For an instant she sat rigid, unable to believe, yet thrilled with hope. Quickly, but gently, he raised the head of the youth and probed the injury he found. Then he nodded vehemently.

“This is no gunshot wound,” he asserted. “It’s a cut and a bump. He tumbled and knocked his head against a stone. Got a hard crack, but nothing dangerous. Poor kid, he looks half starved, and that smash he took just finished him—for awhile. All he needs is water, food, rest, and safety. I’ll give him all of them.”

After one stare at the split scalp now turned toward her, she sprang up, her cheeks aglow with joy. But then she paused and shot a glance at the gun near by.

“And you’ll take him back! No you won’t—I’ll——”

In the nick of time he caught her wrist as she started toward the weapon.

“Take him back where?” he snapped. “I’ll take him nowhere, except back among the rocks. After he’s able to walk he can go where he likes. He’s nothing to me. If he’s anything to you, don’t stand in his way. I’m trying to help him. Now behave!”

She was tugging furiously away, but as he released her she stood where she was, fighting now against her distrust of him. He lifted the sagging body, got a firm grip, and lurched back toward the cliff. As he passed the shot-scarred stone he grunted and jerked his head downward toward it. Following, she paused an instant and studied the white patch, glanced at the little cañon, then moved on with clearer face. She knew well how shot-marks looked; saw, too, that the tall stranger had spoken truth when he said Steve was out of his line of fire from the walled passage.

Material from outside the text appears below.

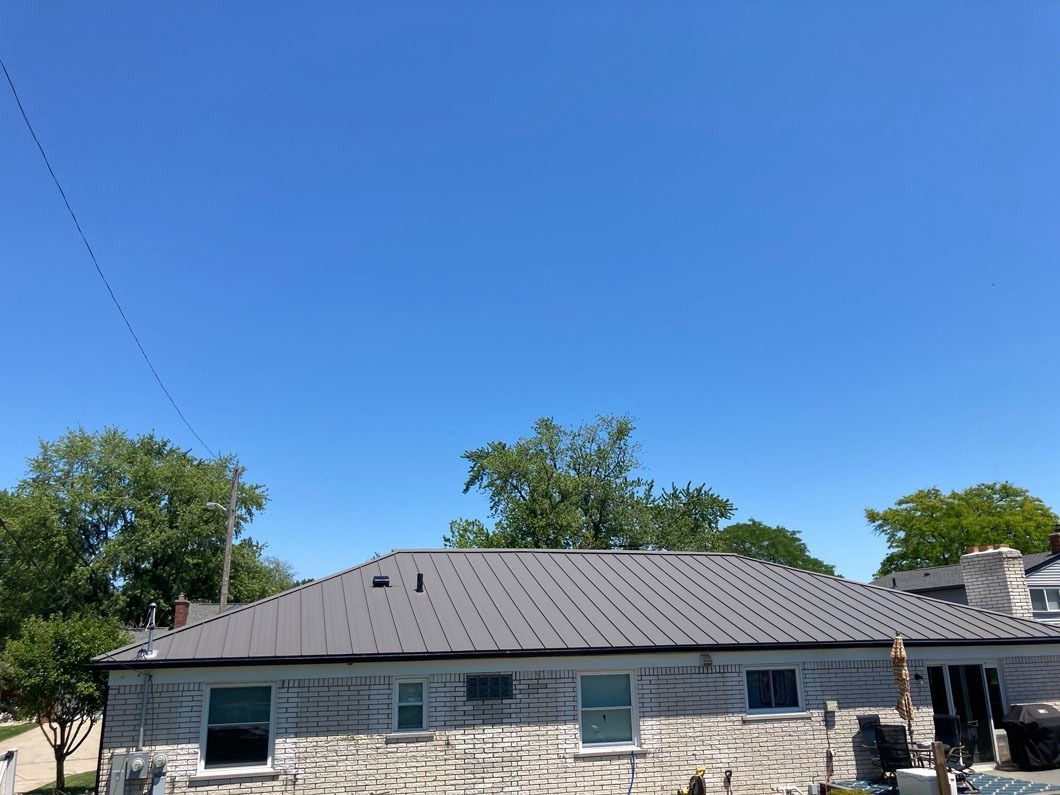 A gray-roofed house with windows, surrounded by trees, under a clear blue sky.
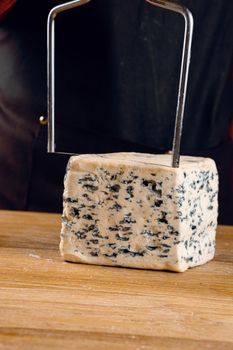 String for slicing blue cheese. Mix of cheeses on plate. Slicing dorblu, gorgonzola, roquefort. French gourmet cuisine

Though she had not seen the gun fired, she realized now that hardly any man would have made so poor a shot if he had actually been trying to hit the hunted youth.

Yet, when Douglas edged into the slit and bore his burden through, she halted behind him and put a tentative hand on the gun, still loaded in one barrel. Narrowly she inspected the “newfangled” weapon—so unlike the ancient muzzle-loaders common in the Traps—wavering between a desire to draw its remaining charge and fear lest it might disastrously explode again. After a dubious moment she shook her head and went on. She must trust this man, whether she would or not.

Down on the tumbled blanket and the bough-tip bed Douglas laid the youth. Then he reached for the canvas water-pail. Its lightness brought a frown to his brow. Hardly a cupful remained in it.

“I’ll git somethin’,” she volunteered, reading his thought. Before he could fathom her purpose she was leaving through the passage, limping a little but moving as if sure of herself. Presently she returned, carefully bearing a jug.